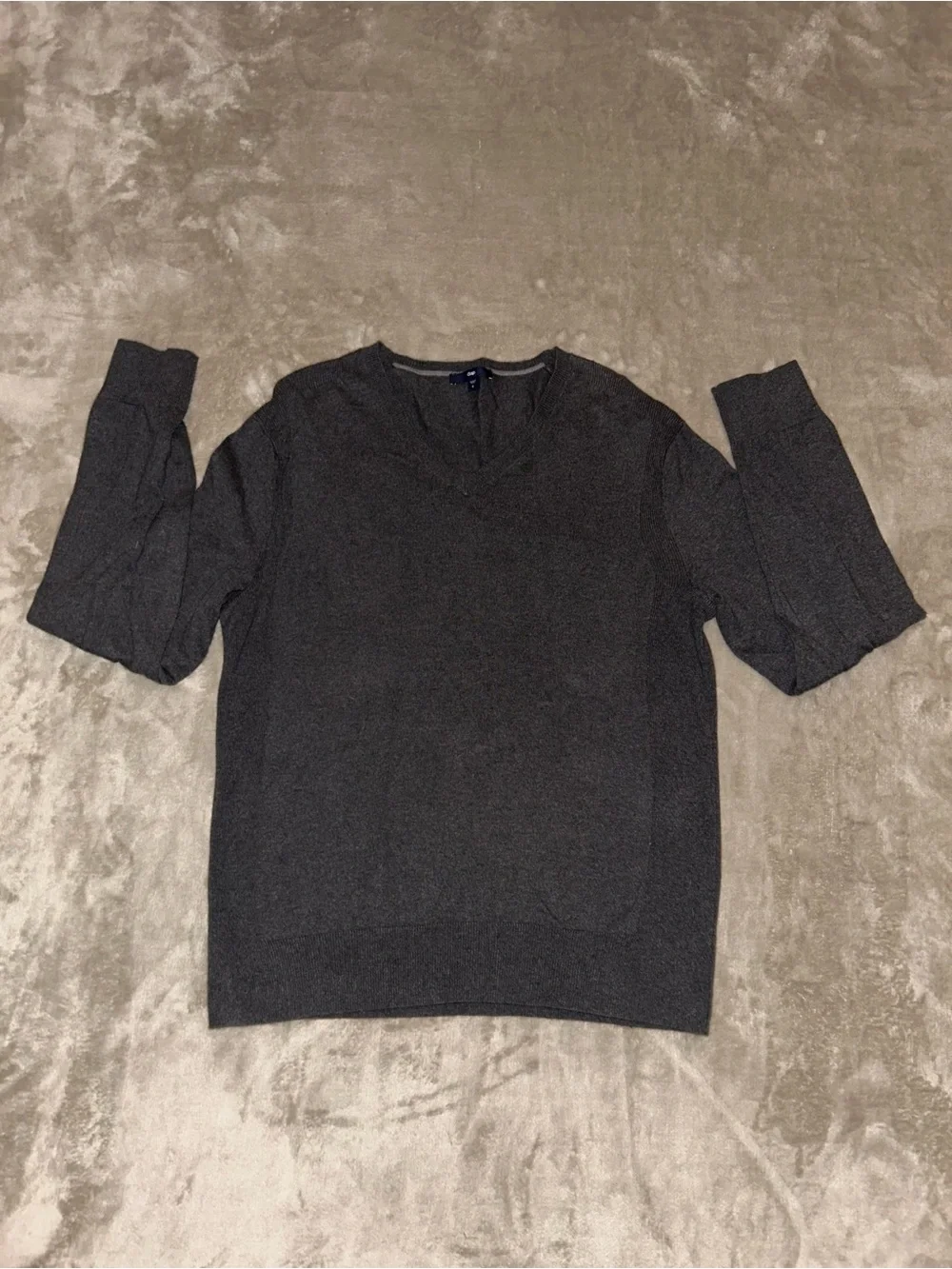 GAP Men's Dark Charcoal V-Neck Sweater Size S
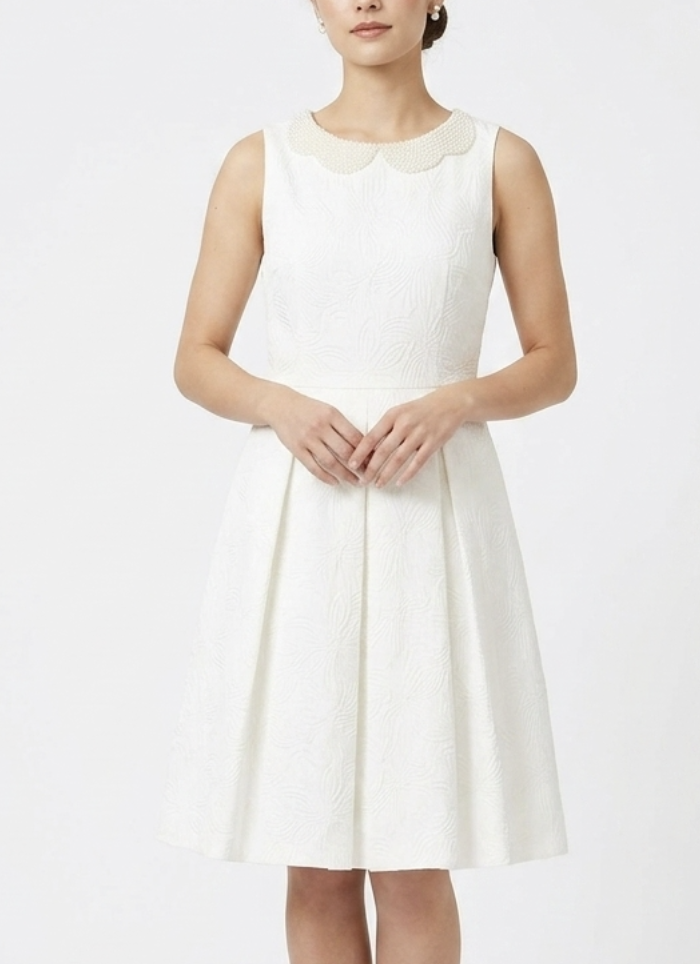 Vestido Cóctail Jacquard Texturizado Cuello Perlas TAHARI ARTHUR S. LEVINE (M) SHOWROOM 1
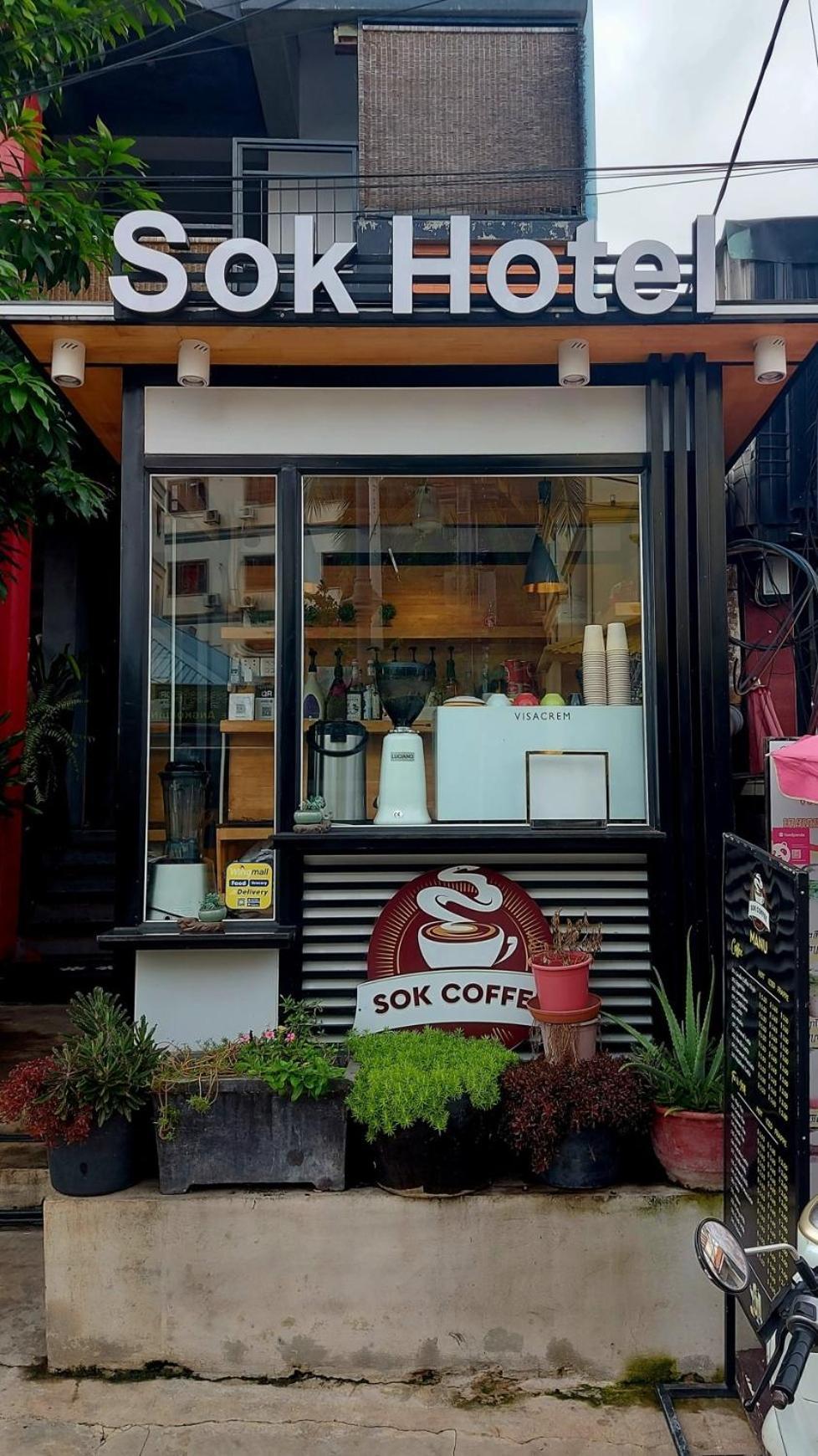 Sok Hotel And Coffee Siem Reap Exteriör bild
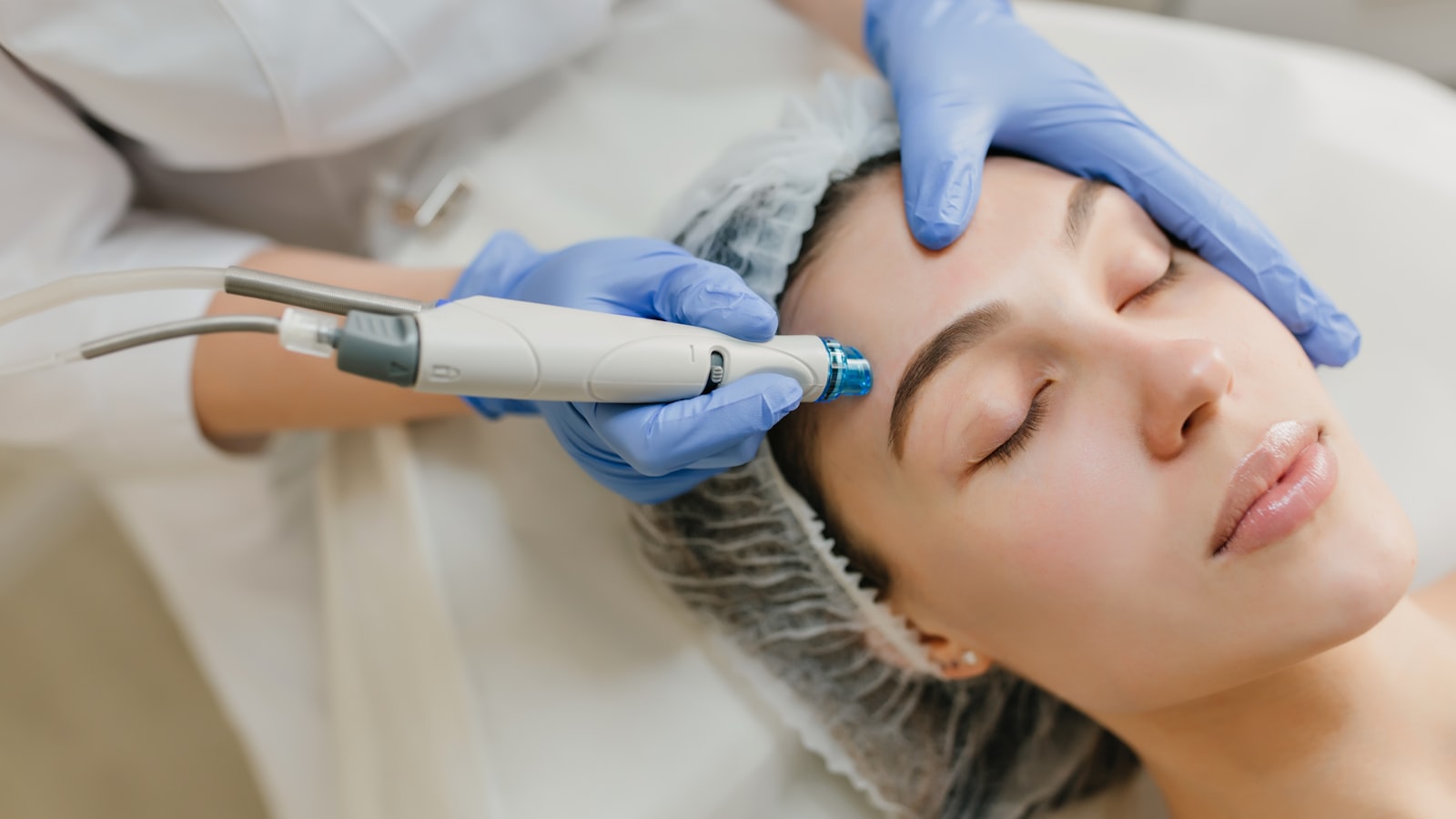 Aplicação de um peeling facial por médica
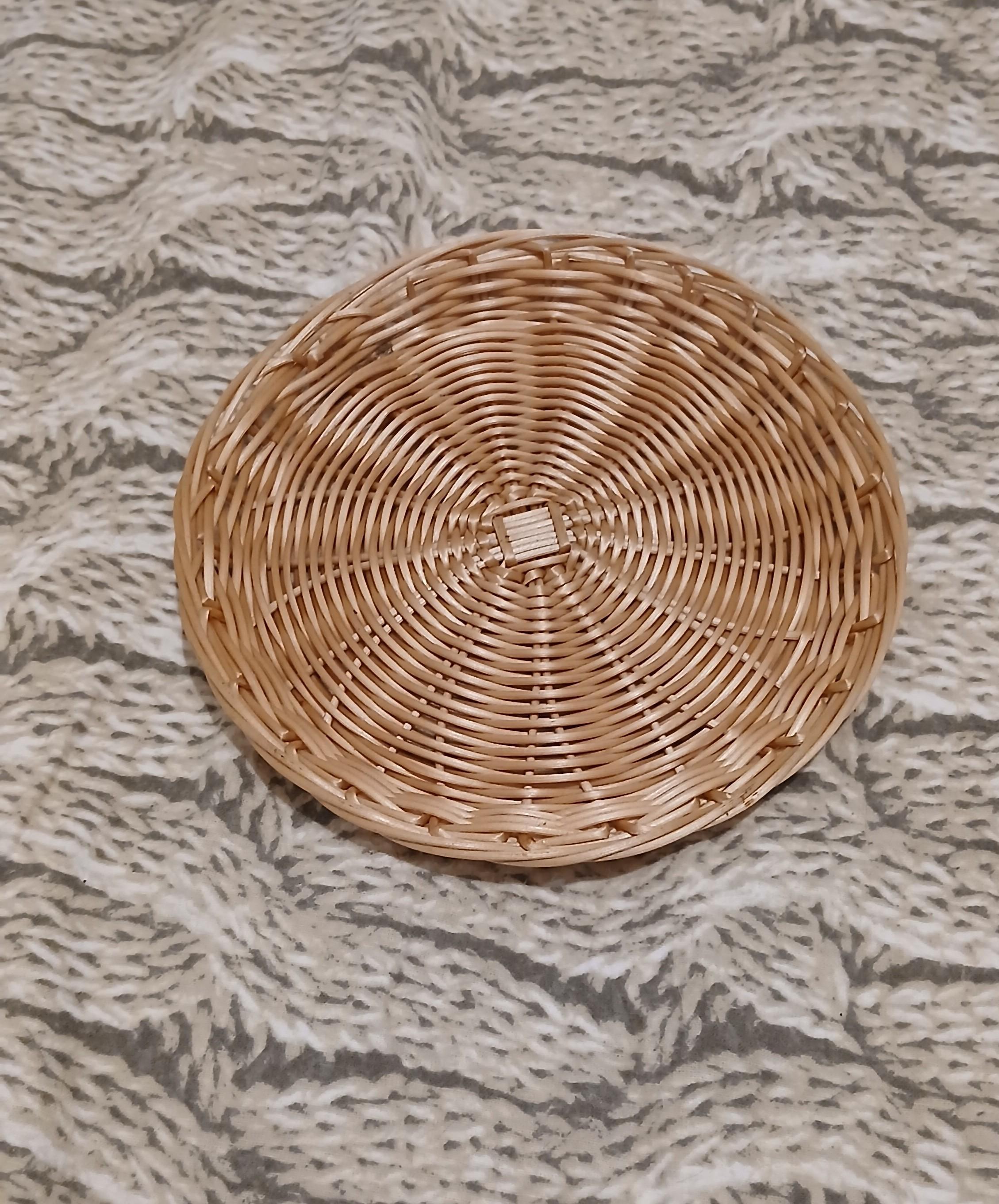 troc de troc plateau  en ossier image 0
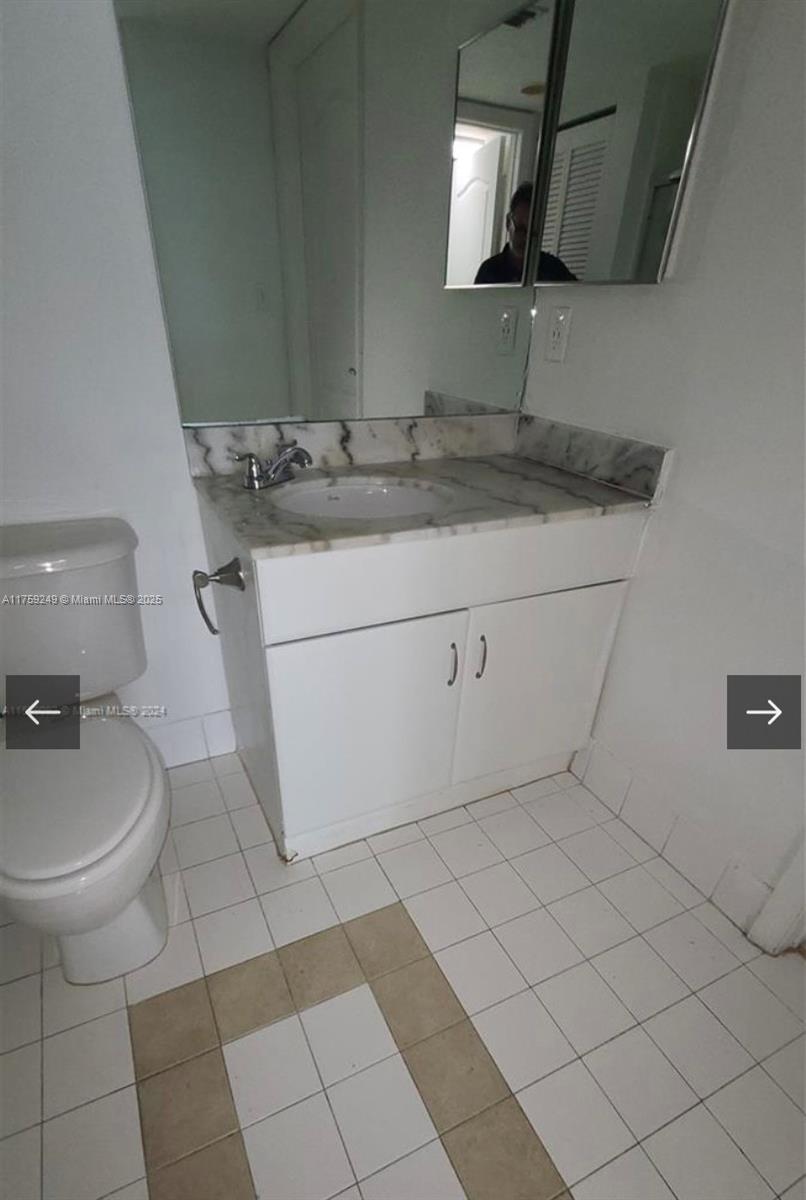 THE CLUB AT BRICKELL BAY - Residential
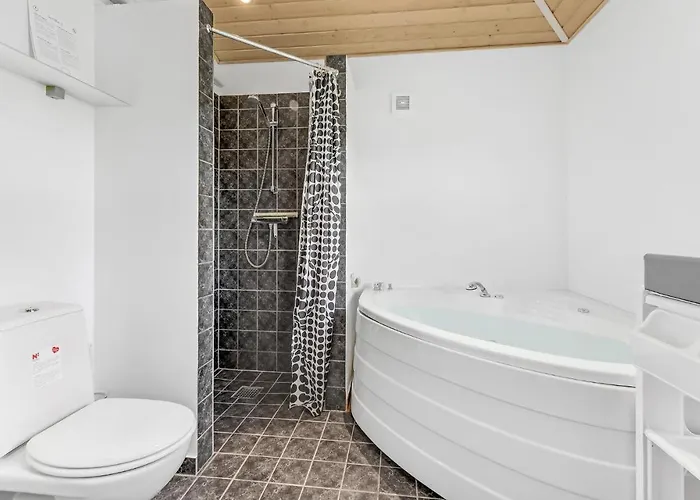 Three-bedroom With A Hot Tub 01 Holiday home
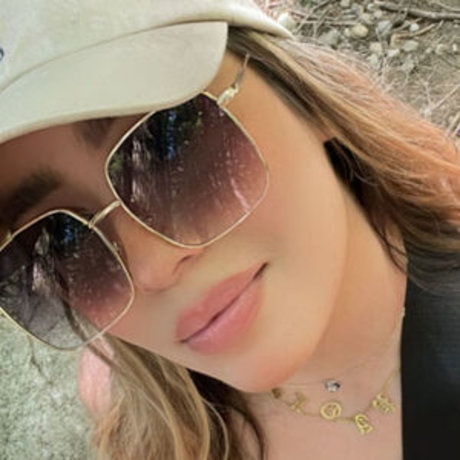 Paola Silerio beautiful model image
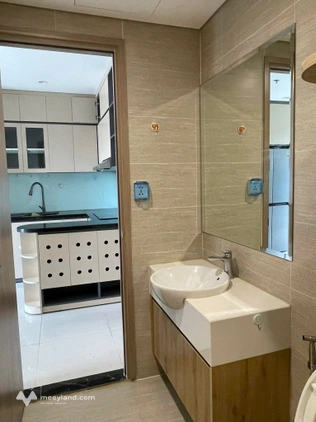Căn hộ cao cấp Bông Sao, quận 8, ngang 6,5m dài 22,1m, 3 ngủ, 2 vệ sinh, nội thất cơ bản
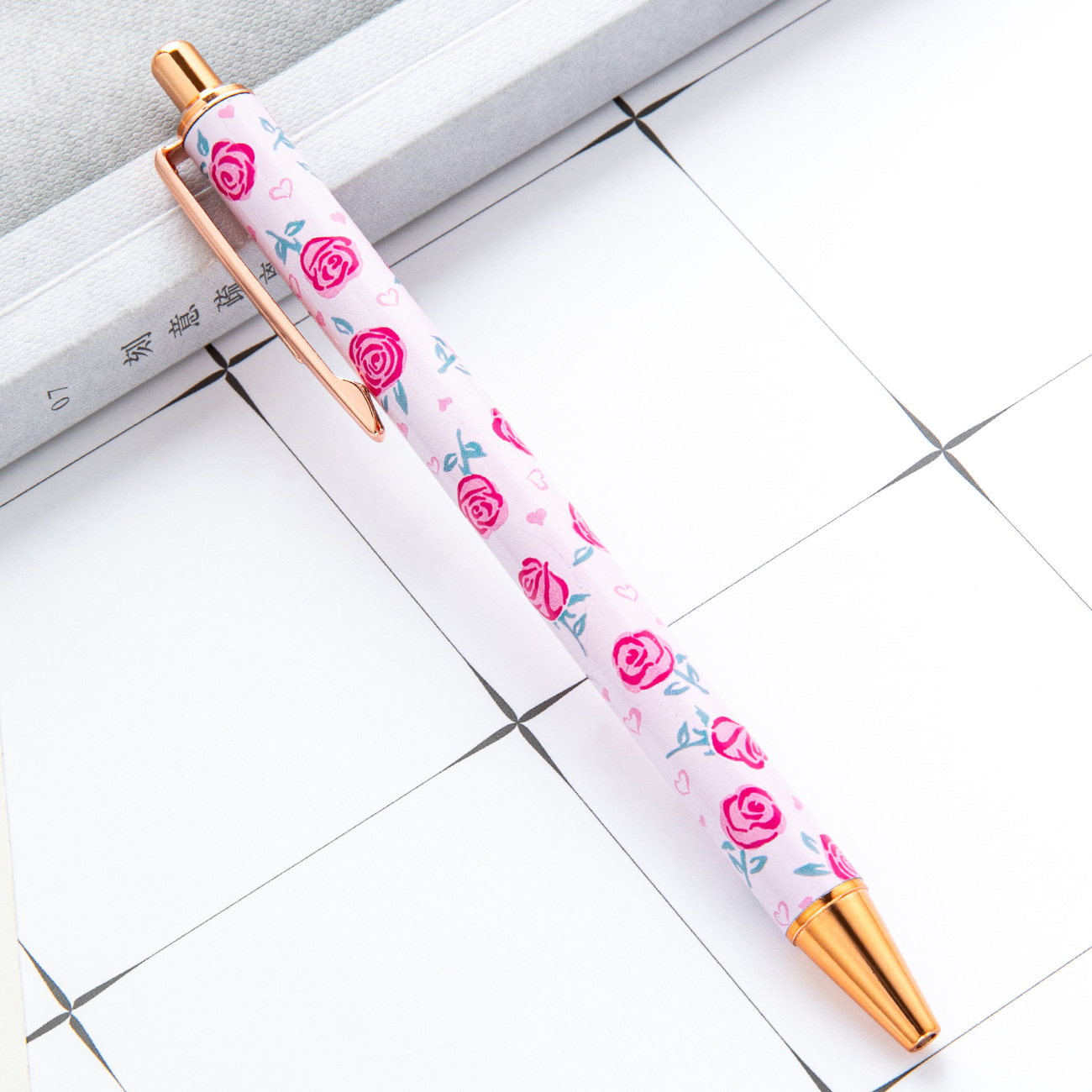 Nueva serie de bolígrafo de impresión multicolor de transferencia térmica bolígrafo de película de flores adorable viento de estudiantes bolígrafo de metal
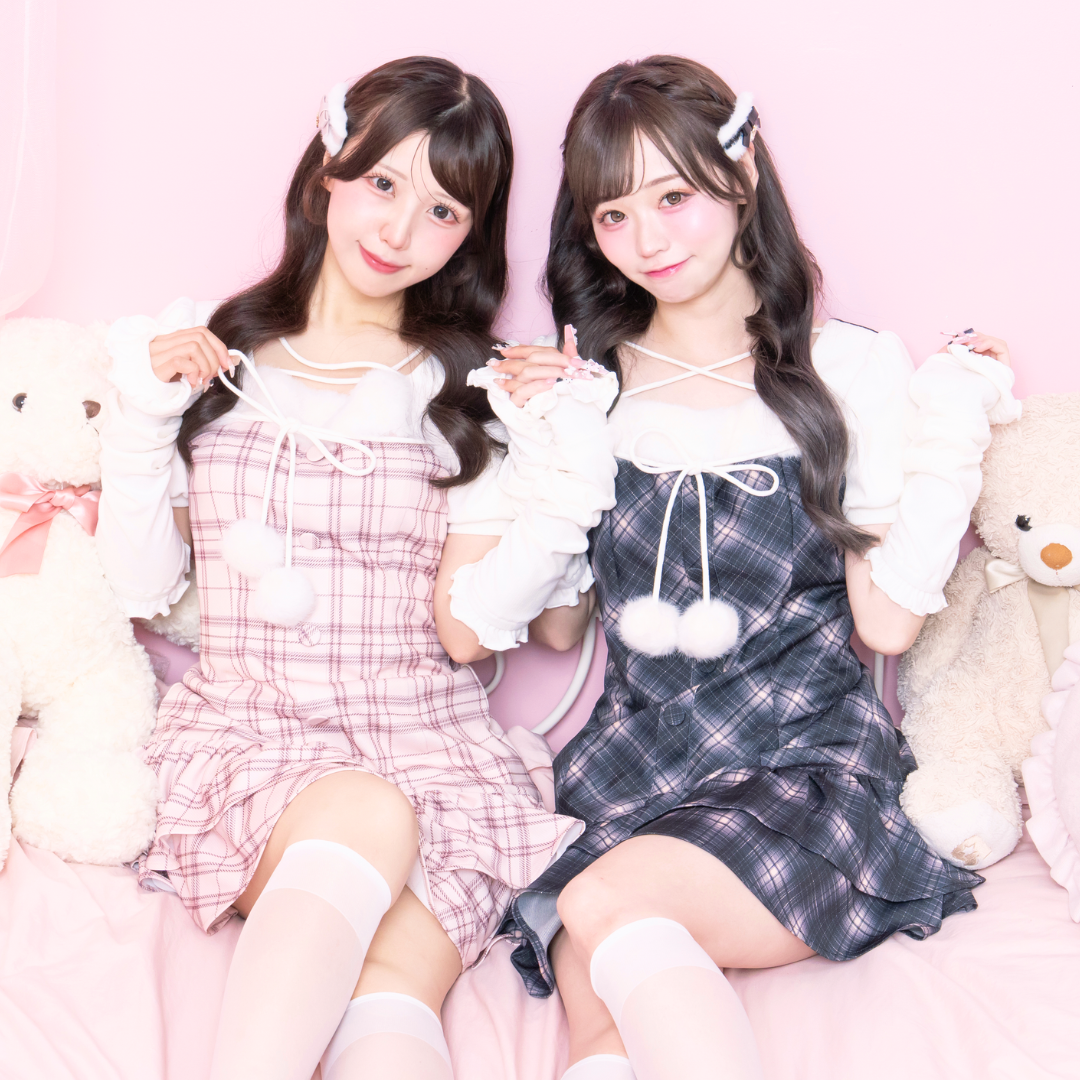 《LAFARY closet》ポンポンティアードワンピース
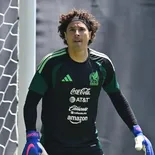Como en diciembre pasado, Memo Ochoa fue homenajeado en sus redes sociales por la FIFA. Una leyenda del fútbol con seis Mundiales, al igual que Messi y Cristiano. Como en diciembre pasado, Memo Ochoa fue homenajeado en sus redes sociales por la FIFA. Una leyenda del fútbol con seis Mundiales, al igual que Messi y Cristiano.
· · · · · · ·
• _About this task_:
Retype each line of the data exactly, beginning with the first; include the line containing "Căn hộ cao cấp" and stop there, skipping every picture.

• _Exercise solution_:
 GAP Men's Dark Charcoal V-Neck Sweater Size S
 Vestido Cóctail Jacquard Texturizado Cuello Perlas TAHARI ARTHUR S. LEVINE (M) SHOWROOM 1
 Sok Hotel And Coffee Siem Reap Exteriör bild
 Aplicação de um peeling facial por médica
 troc de troc plateau  en ossier image 0
 THE CLUB AT BRICKELL BAY - Residential
 Three-bedroom With A Hot Tub 01 Holiday home
 Paola Silerio beautiful model image
Căn hộ cao cấp Bông Sao, quận 8, ngang 6,5m dài 22,1m, 3 ngủ, 2 vệ sinh, nội thất cơ bản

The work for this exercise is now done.